Data supplied:
- Opening Delimiter -

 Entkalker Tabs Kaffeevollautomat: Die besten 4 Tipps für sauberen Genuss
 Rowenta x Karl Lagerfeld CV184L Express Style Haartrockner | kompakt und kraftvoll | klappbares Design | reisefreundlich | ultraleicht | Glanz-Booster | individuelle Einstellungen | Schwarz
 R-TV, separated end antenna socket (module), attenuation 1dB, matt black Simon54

- Closing Delimiter -
- Opening Delimiter -

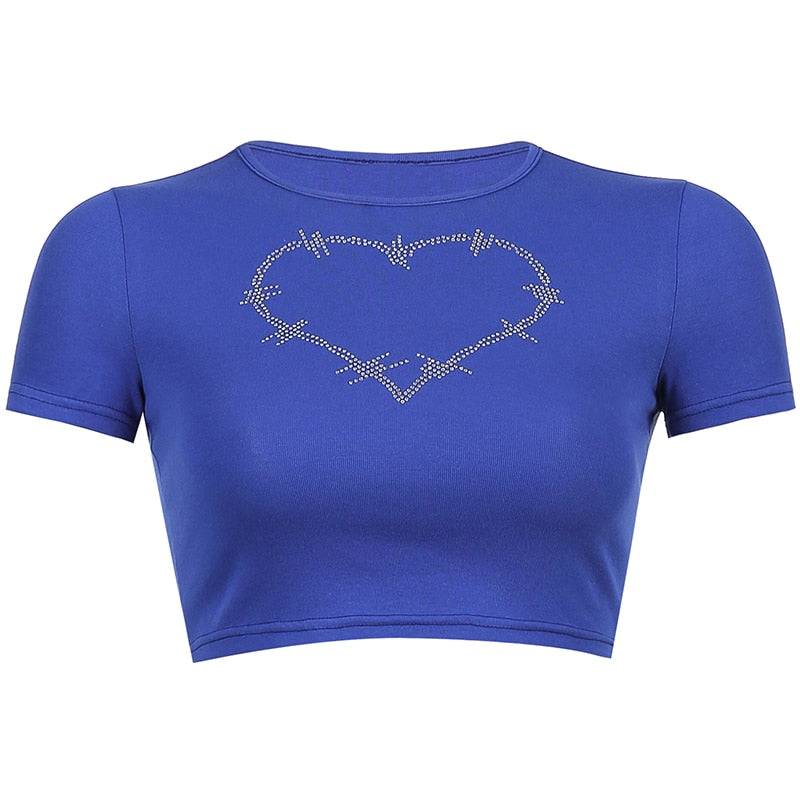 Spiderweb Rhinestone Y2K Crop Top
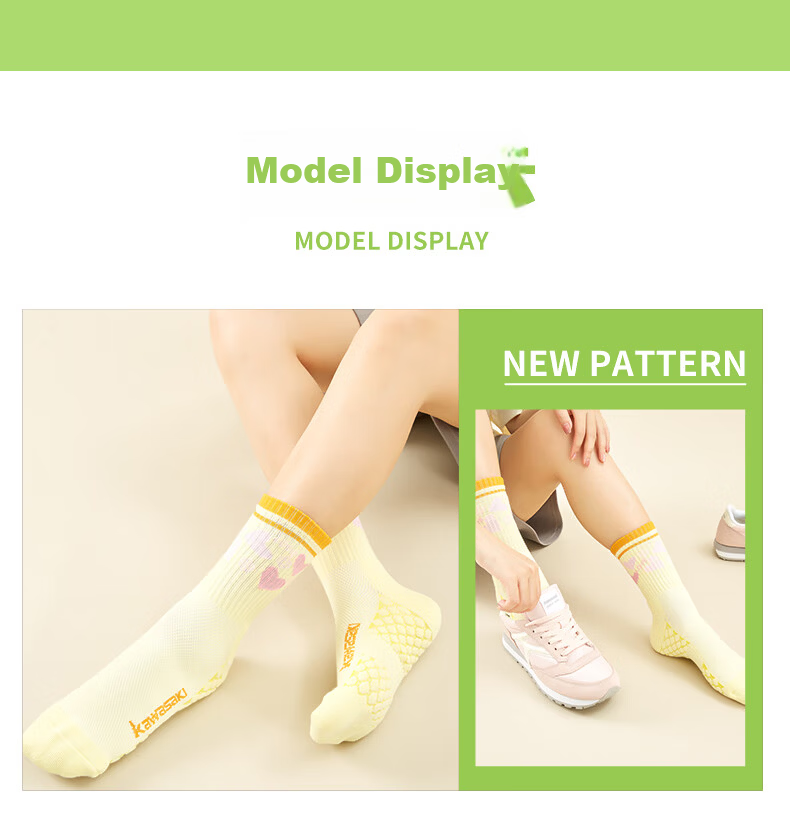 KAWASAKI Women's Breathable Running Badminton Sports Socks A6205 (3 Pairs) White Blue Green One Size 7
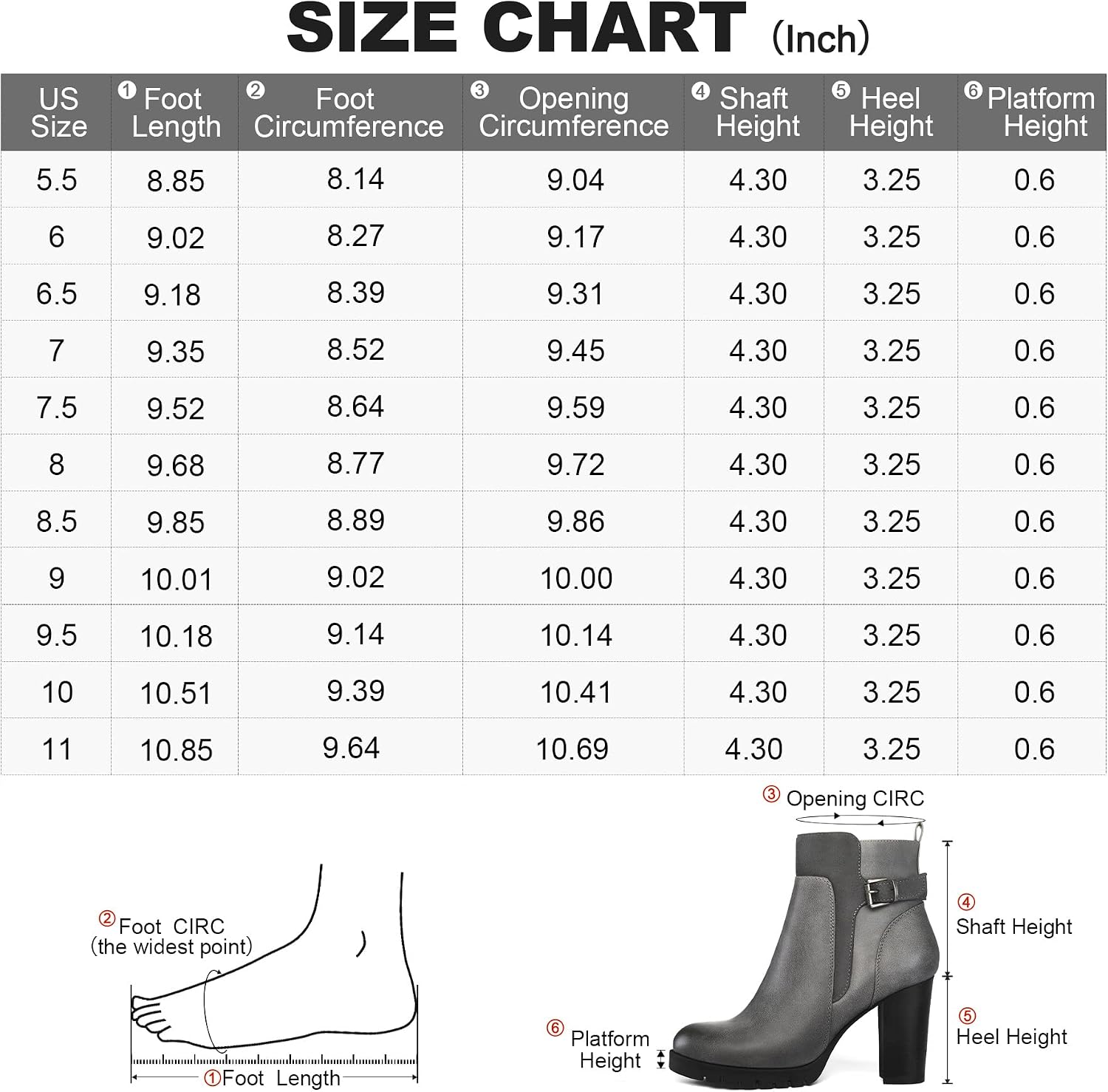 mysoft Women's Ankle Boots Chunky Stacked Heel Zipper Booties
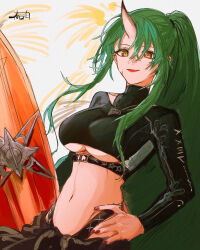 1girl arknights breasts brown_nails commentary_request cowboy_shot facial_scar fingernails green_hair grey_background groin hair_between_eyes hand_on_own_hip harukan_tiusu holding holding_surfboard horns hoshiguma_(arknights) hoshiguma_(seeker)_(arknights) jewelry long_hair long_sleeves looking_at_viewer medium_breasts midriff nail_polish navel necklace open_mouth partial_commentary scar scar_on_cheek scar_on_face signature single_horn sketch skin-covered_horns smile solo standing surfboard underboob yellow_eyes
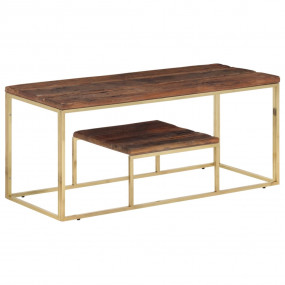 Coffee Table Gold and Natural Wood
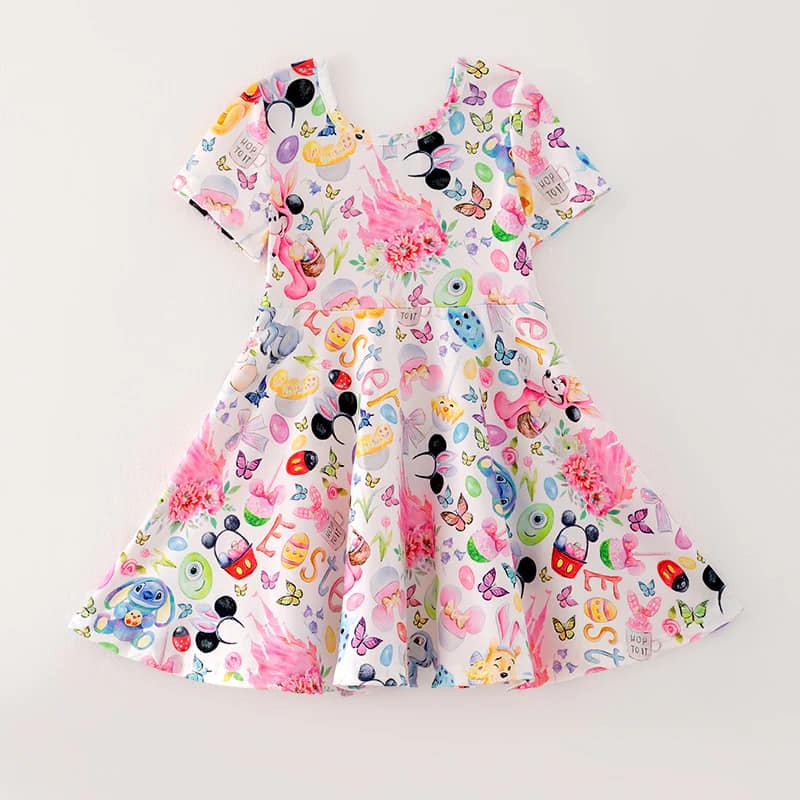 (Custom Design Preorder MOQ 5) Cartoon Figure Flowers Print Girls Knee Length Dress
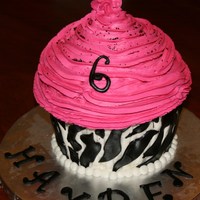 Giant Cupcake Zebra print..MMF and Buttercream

- Closing Delimiter -

Task to carry out: Copy the lines of the data above exactly as written, beginning with the line containing "Entkalker Tabs Kaffeevollautomat: Die" and ending with the line containing "R-TV, separated end", and leave out all other lines.

Task solution:
 Entkalker Tabs Kaffeevollautomat: Die besten 4 Tipps für sauberen Genuss
 Rowenta x Karl Lagerfeld CV184L Express Style Haartrockner | kompakt und kraftvoll | klappbares Design | reisefreundlich | ultraleicht | Glanz-Booster | individuelle Einstellungen | Schwarz
 R-TV, separated end antenna socket (module), attenuation 1dB, matt black Simon54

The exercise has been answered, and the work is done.